The best and biggest news of what turned out to be a night of mixed results was Nicola Luisotti’s official coming-out party as the third music director, after Sir John Pritchard and Donald Runnicles, in the company’s 87-year history. From the aching string sighs that accompanied the first act aria of Leonora (Sondra Radvanovsky, in a triumphant company debut) to the furnace-blasts of brass in the "Anvil Chorus" to the lonely but insistent bassoon notes that became a fateful pulse in the last act, perfectly judged details were woven into a purposeful whole. Even the occasional divergence of singer and orchestra only served to underscore the overall keenness and subtlety of communication between the stage and the pit.

Manrico (Marco Berti) and
Azucena (Stephanie Blythe)

Take, to choose just one of many instances, the Act 2 exchange between Azucena (a formidable and impressive Stephanie Blythe) and the opera’s eponymous troubadour, Manrico (an impassioned, if wayward, Marco Berti). As the stream of feelings flowed through a guilt-ridden mother and the man she raised as her own son (after incinerating her own), the music tracked them with a revealing surety. Dynamics, phrasing, even tightly coiled silences had an uncanny, intuitive rightness. Blythe's Azucena came across as a complex woman both sinned against and sinning, at once righteous and wheedling, determined and doomed. Berti punched out a stirring declaration in "Mal reggendo all’ aspro assalto" (Unable to withstand my bitter assault). But he was more moving and more real in his fleeting puzzlement at sparing his rival’s life in a duel.

Radvanovsky's Splendid S.F. Opera Debut

Sondra Radvanovsky (Leonora)
Effective and psychologically astute as such moments were, nothing matched the vocal and dramatic impact Radvanovsky made as Leonora. With a voice full of a ripe and sometimes fibrous tremolo, this compelling American soprano gave her character’s ardor a full-bodied, physical immediacy. Instead of airy musings about Manrico, Radvanovsky communicated appetite and need. She sang pointedly, not always prettily. Her desire was a force, abruptly pressing her down to a sitting position on a stair, then flattening her full out and writhing on her back. It was bluntly sexual, but no one sniggered. The performer etched Leonora’s arc so decisively at the start that she was able to play the desperate acts of suicidal self-sacrifice at the end with an almost becalmed clarity and not a hint of histrionics. It was all marvelous to hear and witness, from beginning to end.
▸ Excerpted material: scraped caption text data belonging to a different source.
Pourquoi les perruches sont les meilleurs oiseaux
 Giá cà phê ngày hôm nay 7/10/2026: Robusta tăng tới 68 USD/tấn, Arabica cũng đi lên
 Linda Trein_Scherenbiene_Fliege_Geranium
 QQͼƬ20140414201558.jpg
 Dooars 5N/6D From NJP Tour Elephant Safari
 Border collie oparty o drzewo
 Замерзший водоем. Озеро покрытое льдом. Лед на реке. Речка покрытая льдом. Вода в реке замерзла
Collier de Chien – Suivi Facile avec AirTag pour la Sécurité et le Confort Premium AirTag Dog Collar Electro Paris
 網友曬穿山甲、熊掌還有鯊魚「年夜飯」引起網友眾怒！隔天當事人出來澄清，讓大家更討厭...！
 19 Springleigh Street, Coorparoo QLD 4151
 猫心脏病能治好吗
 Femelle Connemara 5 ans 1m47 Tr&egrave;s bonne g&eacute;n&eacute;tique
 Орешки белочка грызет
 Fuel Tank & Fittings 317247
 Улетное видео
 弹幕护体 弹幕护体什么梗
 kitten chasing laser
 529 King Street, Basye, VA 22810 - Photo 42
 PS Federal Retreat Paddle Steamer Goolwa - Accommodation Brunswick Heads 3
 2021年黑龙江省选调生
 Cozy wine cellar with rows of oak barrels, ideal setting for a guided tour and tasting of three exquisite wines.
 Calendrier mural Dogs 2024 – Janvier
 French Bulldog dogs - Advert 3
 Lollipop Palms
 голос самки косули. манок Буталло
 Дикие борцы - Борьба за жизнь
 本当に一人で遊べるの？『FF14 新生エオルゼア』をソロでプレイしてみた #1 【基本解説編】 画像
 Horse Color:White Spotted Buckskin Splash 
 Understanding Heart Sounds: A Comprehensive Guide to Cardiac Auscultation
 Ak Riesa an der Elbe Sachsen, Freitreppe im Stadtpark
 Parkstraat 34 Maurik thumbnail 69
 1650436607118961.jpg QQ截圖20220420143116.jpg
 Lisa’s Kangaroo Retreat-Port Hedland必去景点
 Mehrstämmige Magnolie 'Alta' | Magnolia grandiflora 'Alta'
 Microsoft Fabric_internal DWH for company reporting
Excerpts from a preview performance of
SF Opera's 2009 Il Trovatore
The same cannot be said for the evening as a whole. Coproduced by the Lyric Opera of Chicago (where it premiered in 2006) and the Metropolitan Opera, this Trovatore had a certain settled stateliness that worked against it. As the large and oppressively massive sets wheeled into view on a turntable, washed in color now and then by Jennifer Tipton’s lighting, the cast began to look daunted and dwarfed. David McVicar’s direction, restaged by Walter Sutcliffe, resorted to flat-footed tableaux, especially in crucial ensemble scenes. Even company favorite Dmitri Hvorostovsky, as the passion-driven Count di Luna, sang with more handsomeness than intensity. A deep, driving obsession with Leonora never quite materialized in all his burnished singing.

While this may not have been a Trovatore for the ages, it did signal a brightly promising new musical era for San Francisco Opera. With Luisotti as music director, audiences can anticipate what Kerman envisioned in his book Opera As Drama. "Like poetry," he wrote, "music can reveal the quality of action, and thus determine dramatic form in the most serious sense."